Friday, September 25, 2015

Two Stories

My efforts to explain and project global trends in population and consumption have yielded two competing stories about the past and our potential future. With critical new insight about the second one emerging from work over the past week that may have reconciled the two, this is a good time to summarize them.

The stories are based on several key observations. First, happiness (life satisfaction) varies predictably with the amount of resources people consume, as measured by their ecological footprint, with smaller and smaller increases in happiness as consumption increases, approaching a maximum amount as any one person approaches consumption of the output of Earth's entire biosphere. Second, there is a minimum amount of such resources each person needs to survive. Third, the population of an average other species decreases linearly with the total amount of resources that humanity consumes. Fourth, global economic activity is proportional to the square of the product of population and happiness, which I interpret as transactions of artificial environments that provide happiness. Fifth and finally, in small groups life expectancy increases with consumption much as happiness does, while in large populations it varies with the total resources consumed by the group.

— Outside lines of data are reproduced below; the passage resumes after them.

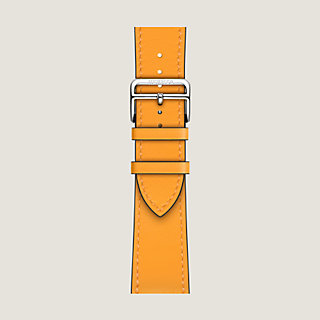 apple-watch-hermes-シンプル 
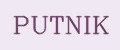 PUTNIK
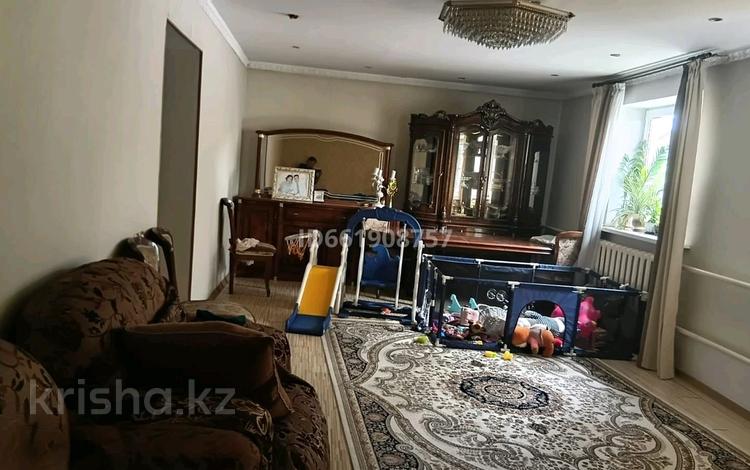Отдельный дом · 4 комнаты · 99.5 м², мкр Трудовик, Озерная 69а — Озерная Центральная за 50 млн ₸ в Алматы, Алатауский р-н — фото 27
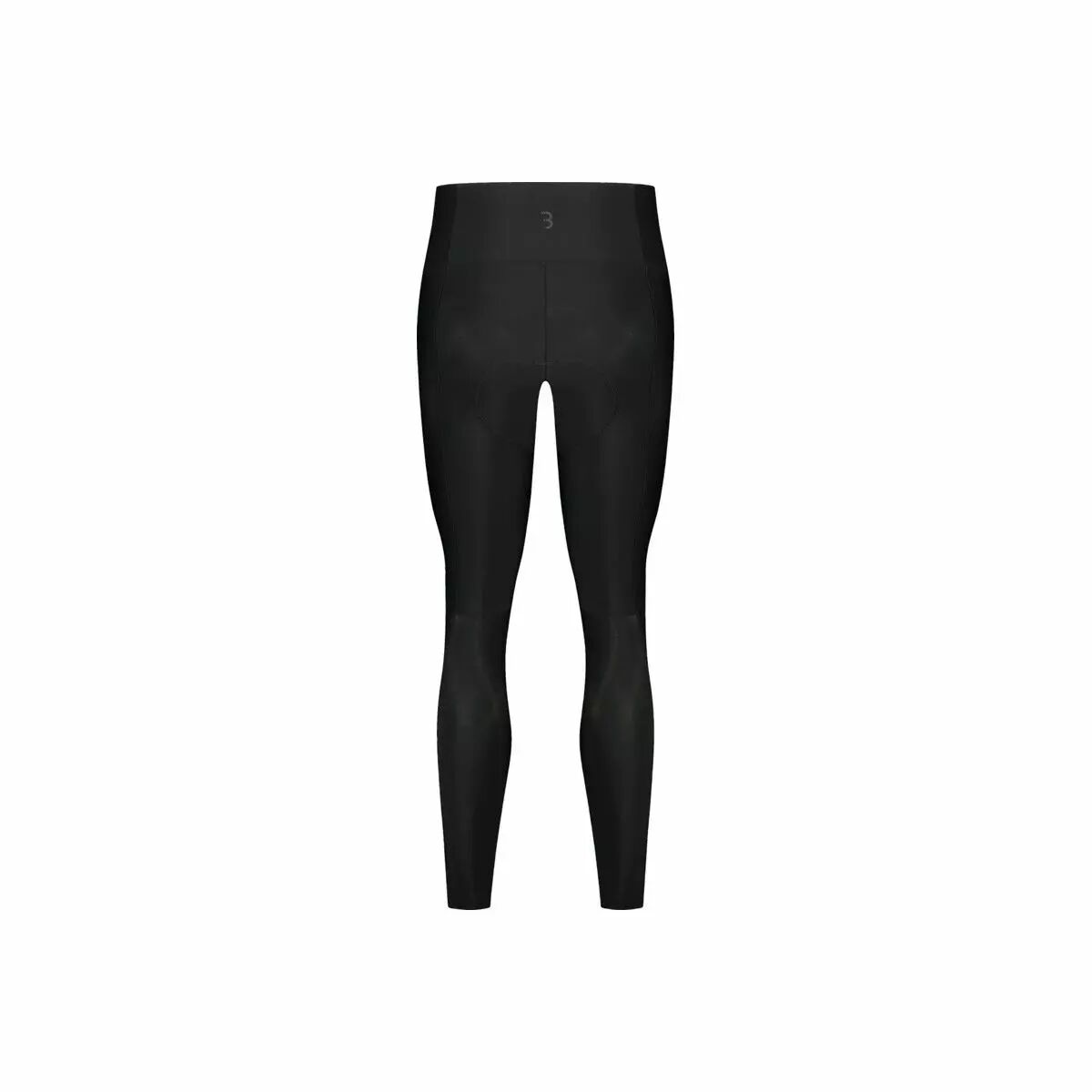 Collant long sans bretelle tight Thermal BBB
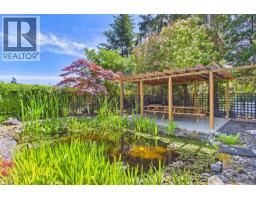 2375 Glenellen Pl, Nanoose Bay, BC V9P9G3 Photo 32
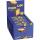 Leibniz Schokoriegel PICK UP! Choco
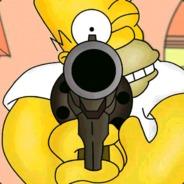 ZachoL's - Steam avatar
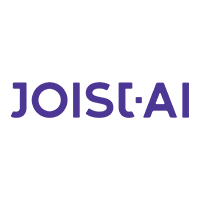 Joist.AI Logo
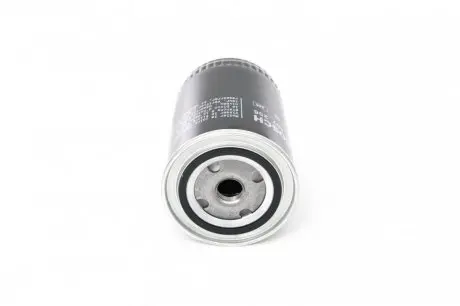 Фильтр масляный Gaz Gazelle 2.4 04-06/Ford Scorpio 2.5TD 93-98 BOSCH F 026 407 256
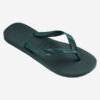 Havaianas TOP SENSES GREEN - Image 4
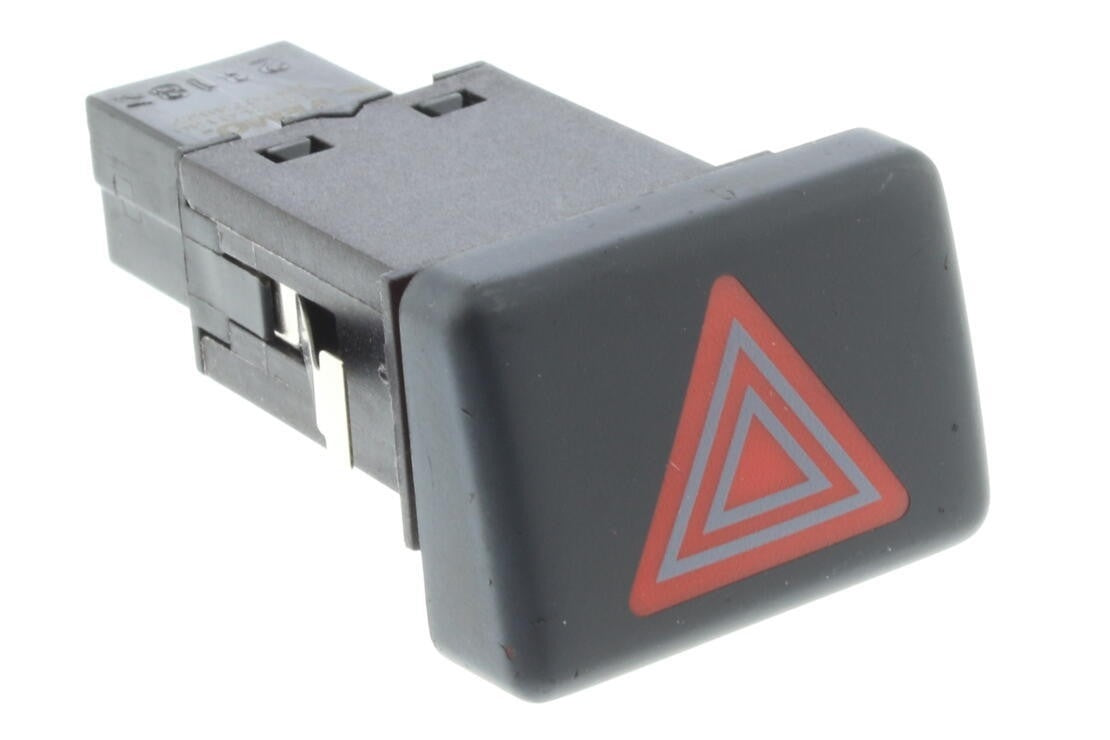 VEMO Hazard Warning Switch V10-73-0130
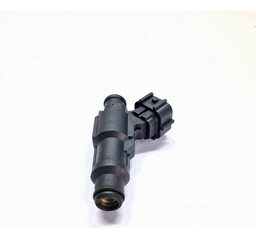 BICO INJETOR ONIX TRACKER 1.0 3CC TURBO 2020/ 25199309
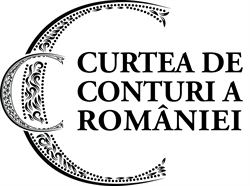 Camera de conturi Constanta, program de funcționare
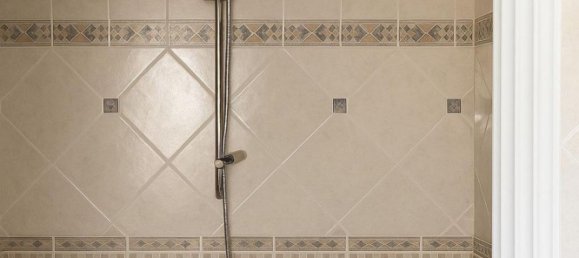 Gebäude in Gran Canaria, Spain 850m², Nr. 162673 9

The first story comes from mathematically simulating "worlds" that each represent a point in time with a certain population, ecological footprint, and total amount of resources. A world can only "exist" when: (1) the resources consumed by the population is no greater than the total resources; (2) an average "person" consumes no less than the minimum; and (3) average happiness is less than the maximum. As total resources decrease, the number of worlds decreases, and the remaining worlds are clustered around more restricted combinations of population, ecological footprint, and happiness. Using historical data to identify the worlds occupied by humanity over time, it appears that as our species has consumed more resources, it has targeted the most dense concentrations of remaining worlds, with the objective of occupying as many worlds as possible without decreasing population in the process.

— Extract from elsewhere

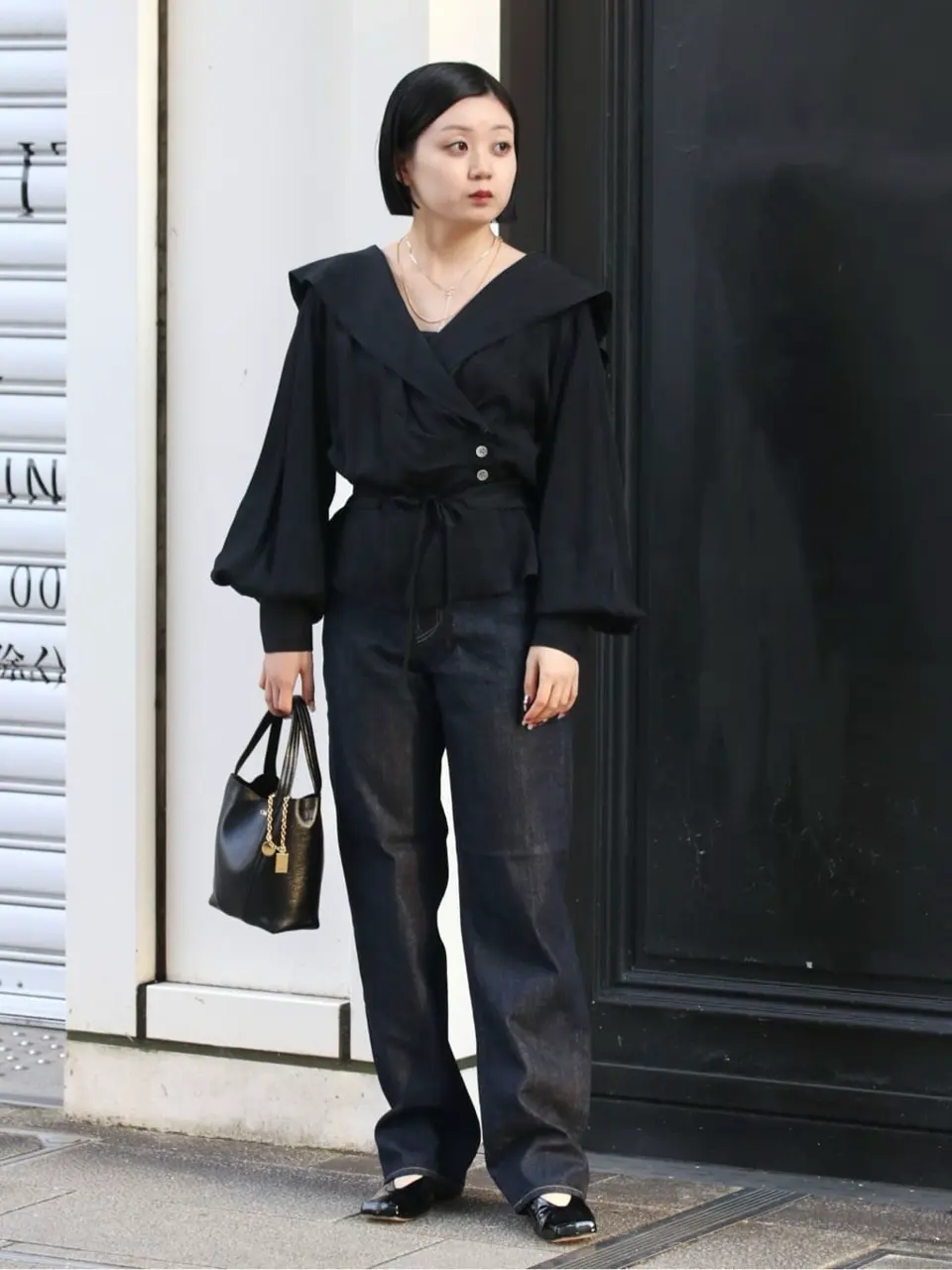 PIPPICHIC(ピッピシック)】 BUNNY｜PARIGOT ONLINE（パリゴオンライン）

Behind both narratives is a more conventional backstory. All species collect and recycle energy and material, using it to exist as long as possible and to maximize the propagation of their forms over time and space. As the distribution and types of energy and material change, they adapt by changing their behavior and their form (evolving). From the perspective of members of any one species, other species either assist them, impede them, or are merely parts of their background environment that may assist or impede them later. "Assistance" can understood in economic terms as the provision of products and services, collectively considered as "resources" that include food (a primary source of energy and material) and purification of water (processing a resource for use and eliminating threats to survival), and those resources can be provided either on a continuous basis or a one-time basis. "Impeding" includes removal and degrading of resources (or the species that provide them) and, of course, being treated as a resource yourself. Happiness, as experienced by us and possibly other species, is a consequence of the degree that an individual's environment is optimally suited to maximize personal longevity and propagation of the individual's unique characteristics, and increasing it means using as many resources as possible.

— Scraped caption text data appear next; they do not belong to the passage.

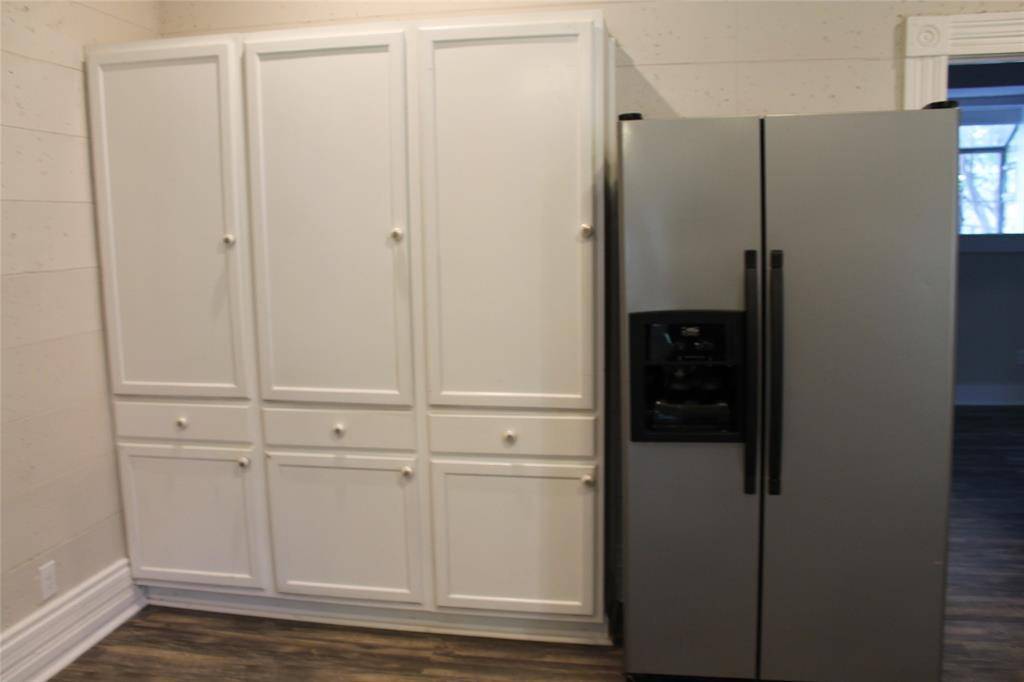 Denison, TX 75020,1109 W Main Street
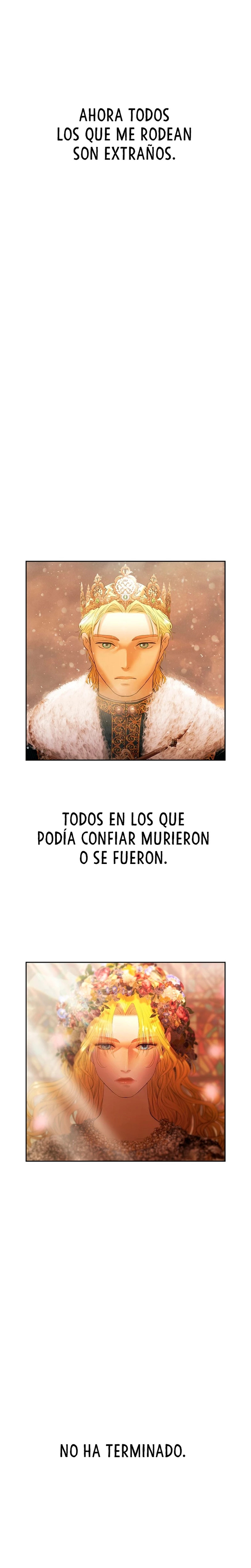 Read Barbarian Quest Es Manga Online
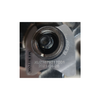 盘式制动器总成卡钳总成永力泰D13F11DH-38000 美驰 商品缩略图3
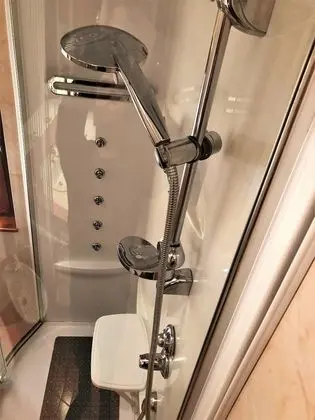 Apart Daire, 2 Yatak Odası, Balkon, Deniz Manzaralı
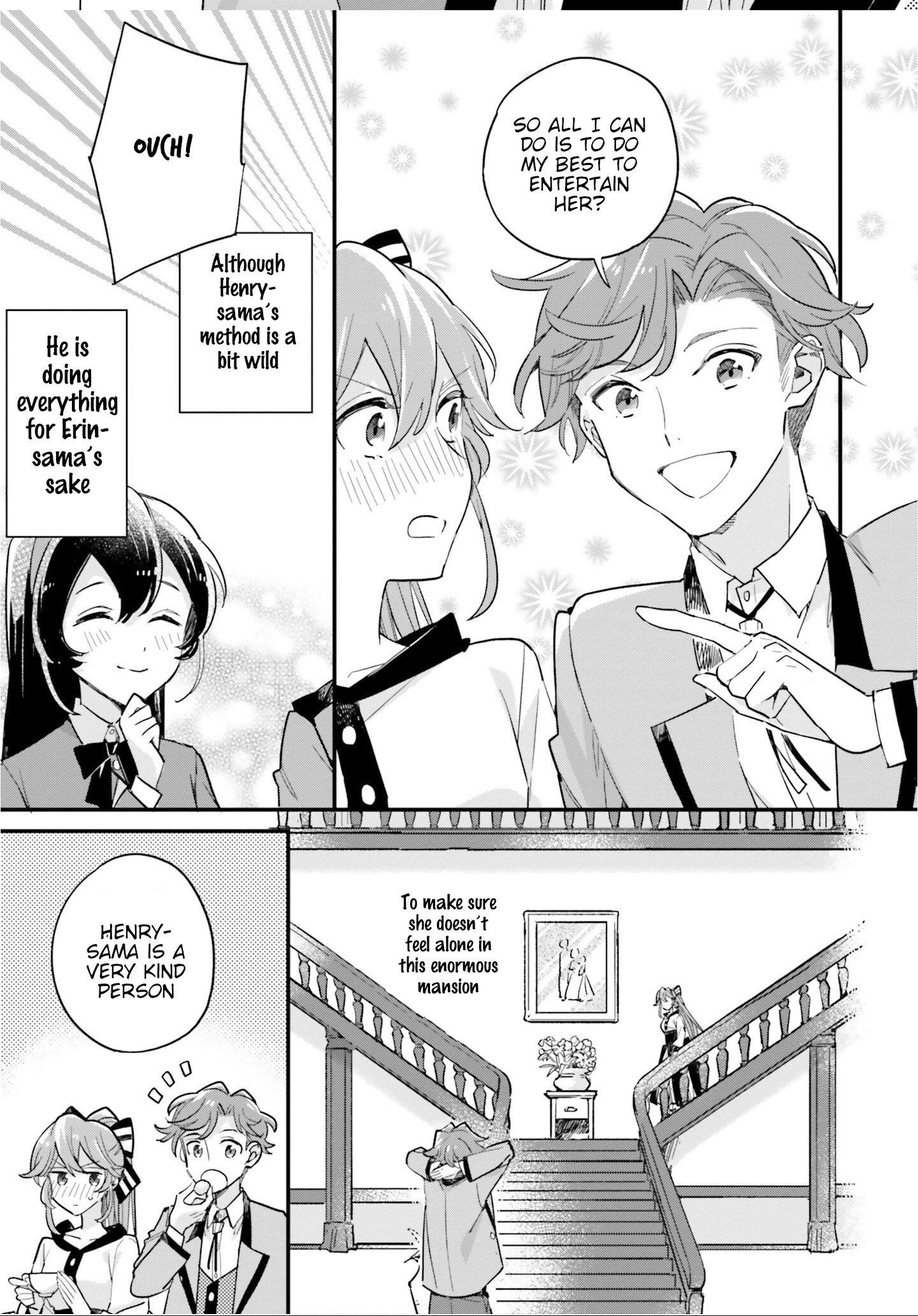 Page 5 of Chapter 8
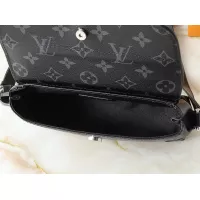 Cheap Louis Vuitton Messenger Bags For Women #1371341 Replica Wholesale [$52.00 USD] [ITEM#1371341] on Replica Louis Vuitton Messenger Bags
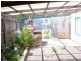 40 Kennedy Street, Newnham TAS 7248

The second story begins with two people, each using the minimum amount of basic resources (such as nutritional food, water, and breathable air) needed to live long enough to produce two more people and keep them alive long enough to survive on their own. Those resources are provided by a core set of other species ("supporters") which are doing the same thing and consuming resources supplied by another set of species ("producers"). For the system to last a long time, the supporters and producers must be allowed to reproduce so that their populations remain at least constant, otherwise the amount of resources drops, as do the populations of the creatures that depend on them – especially us.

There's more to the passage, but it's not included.